Orientating myself with the wooded land marked on the map and what I could see on the land, I followed the slightly overgrown path for about half an hour at a pretty brisk pace.

This brought me to the twisting ribbon of woodland right beside the barrow cemetery.

A short distance across the down I could see what looked like the top of a barrow largely hidden by a dip perhaps. Ah. No dip. Not the TOP of the barrow then? The whole thing? Uh-huh.

Making a shape a bit like a little flying saucer sitting on the grassy plain, Idlebush Barrow itself looks to me to have been fairly denuded at some stage. Its outer edge is a very low embankment, with the small mound (less than 20 feet across, at a guess) rising only about 5 feet up from it. (Sorry if these guesstimates are way out, but what I’m trying to say is it’s pretty small!!)

A little further on across the down is another barrow, this time almost completely ploughed out, but enhanced (or at least made more noticeable by the long reedy grass it is covered by. It is just about possible to make out a slight embankment surrounding it.

I’ve posted some photos of both. Retracing my steps and bearing west toward the strip of trees, I went back past both barrows looking for a ‘tumulus’ (another barrow really) marked on the map that I had missed.
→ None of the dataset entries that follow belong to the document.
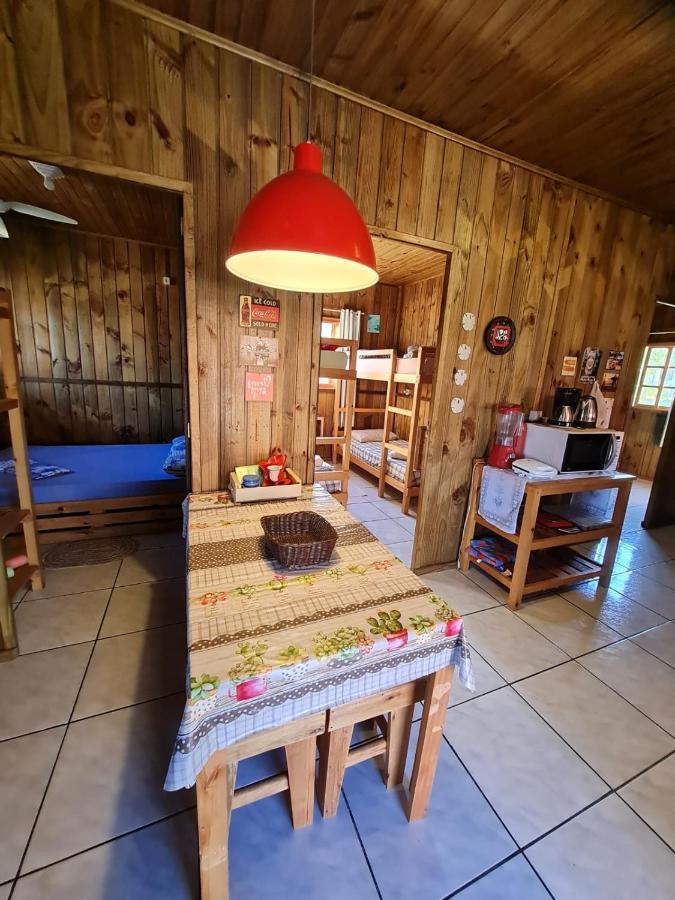 Cantinho Do Paraiso Gamboa  Extérieur photo
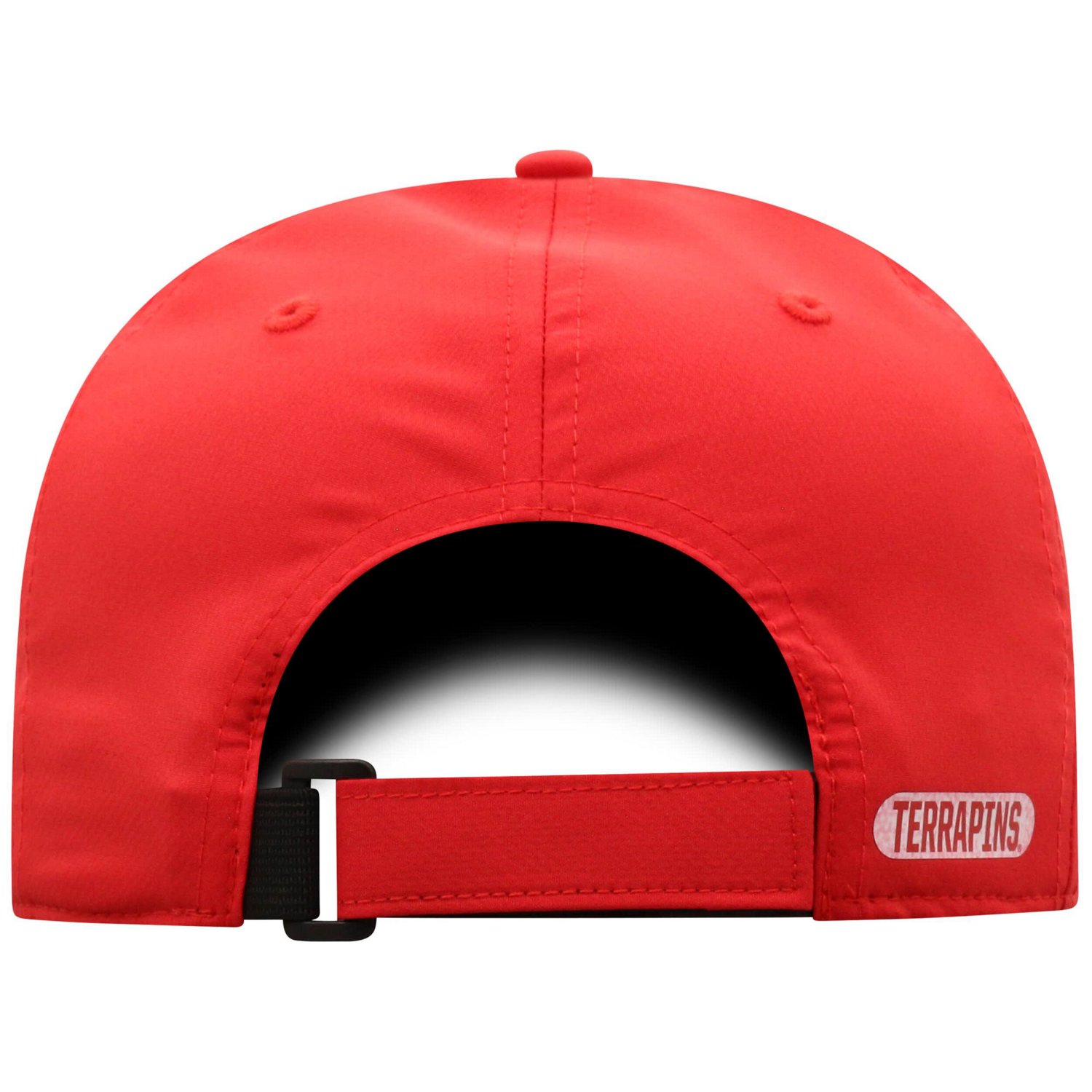 Top of the World Maryland Terrapins Victory Trainer Adjustable Hat                                                               - view number 4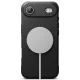 Ringke Onyx Magnetic MagSafe Case for iPhone 17 Air, Black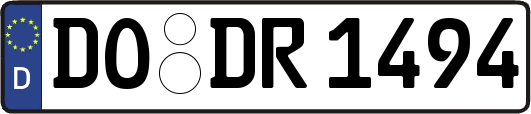 DO-DR1494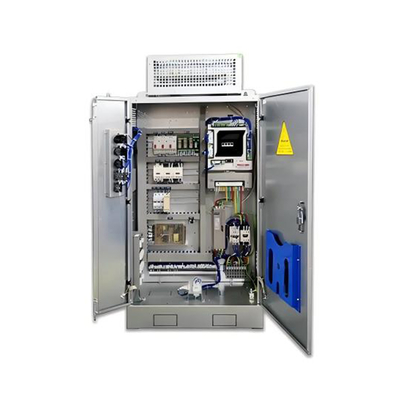 Bộ điều khiển tích hợp thang máy 3 pha 5,5-22kW AC380V EN81-20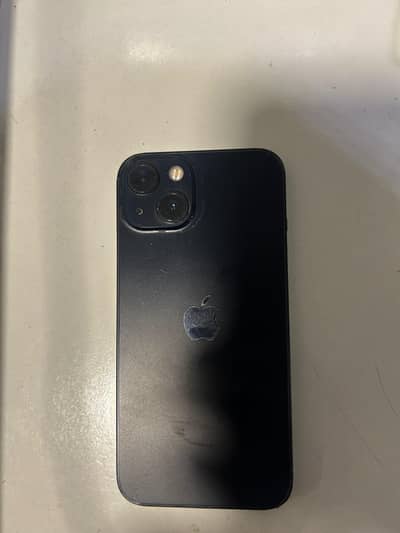 Apple iPhone 13
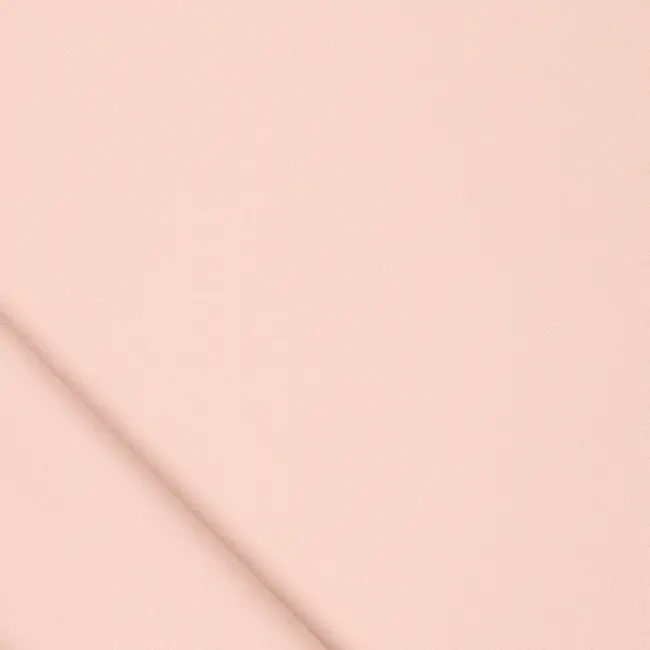 Twill peach finish - peachskin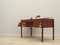 Danish Desk in Teak, 1970s 4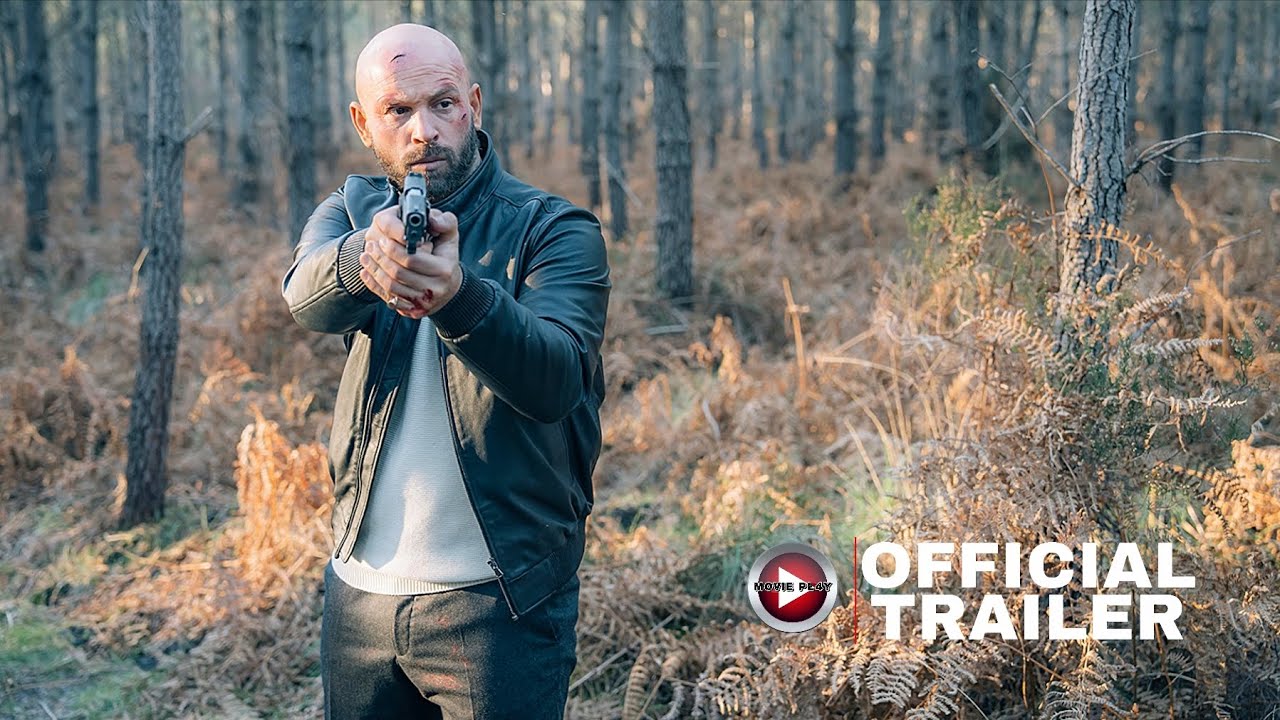Carjackers - 2025 Official Trailer | Prime Video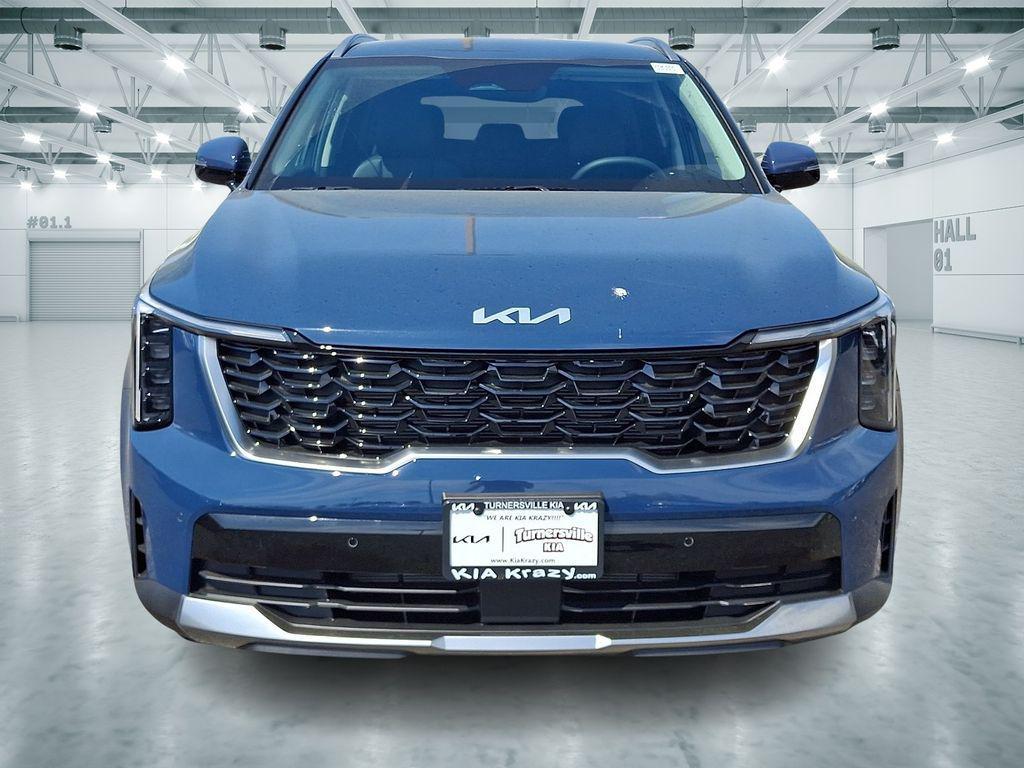 new 2026 Kia Sorento car, priced at $37,470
Well, if it’s there, I missed it on the way back too, and it must be virtually invisible. I suspect that to most non-experts like myself, it is effectively ploughed out.

A word of warning. Although they still look far from impressive, somehow my photos actually manage to make the barrows look more appealing than they seemed at the time…. Don’t get your hopes up!

Folklore

Idlebush Barrow
Barrow / Cairn Cemetery

A traveller was once lost on the Downs and was worried he wouldn’t get safely to a village or town before it got dark. He met some shepherds sitting on the mound and asked them the way to Lambourn. The first man said nothing but just nodded his head in a particular direction. The second went to the trouble of raising one finger (not like that – politely) and pointing in the same direction. The third shepherd stirred himself enough to vaguely wave a toe. And lo, the place was consequently named Idle Tump. Despite being a pretty ridiculous story it does include your classic ‘three times’ motif. And it could indeed have been a place where shepherds would have a bit of a kip.

This story is mentioned by Alfred Williams in his ‘Villages of the White Horse’ (1913).

Another tale claims the bushes and trees on the barrow are too lazy to grow properly. “About 1800 some trees were planted on it which would not grow on account of the bleak situation,” claimed Grinsell’s mysterious source in ‘Ancient Burial Mounds of England’ (1936). This seems a very dull explanation to me. You’ll have to go and look yourself to judge the truth of this one.

David Nash Ford has suggested here
https://www.berkshirehistory.com/legends/smithy02.html
that the ‘idle’ actually derives from the meaning ‘empty’, implying that the barrow was unsuccessfully dug into for treasure in the dim and distant past.

Also, as mentioned by wysefool below, the mound was known in Saxon times as Hawk’s Low, but also apparently as Wade’s Barrow (’Weardaes Beorh’): Wade being Wayland’s father. So it seems that the mythic landscape that included Wayland’s Smithy spread further out, and perhaps there were other local places that were part of the stories too.

Those wishing to squeeze some fairies into the equation (that’ll be me) will be able to get some mileage from this:

As many as a dozen or moor horses run, and they started from Idle’s Bush, which wur a vine owld tharnin’-tree in thay days – a very nice bush.

Because fairies do like a good thorn tree. From The Scouring of the White Horse, by Thomas Hughes (1859).

Miscellaneous

Idlebush Barrow
Barrow / Cairn Cemetery

There is a reference to this barrow and the adjacent one in the Anglo-Saxon charters. In ‘Berkshire Barrows’ by ‘L.V. Grinsell’ (Berkshire Archaeological Journal vol 42 part 2 – 1938) it is listed as:

Hafoces Hlaew and Hundes Hlaew Mr O G S Crawford (note on OS map at Southampton) thinks these may be Idlebush barrow and the disc barrow to South, on 19 N.W.

Hafoc is A-S for ‘Hawk’ and Hundes is probably A-S for ‘Dog or Hound’. Many bronze age barrows in the area are named by Anglo-Saxons after animals or people from their own mythology (i.e. Waylands Smithy).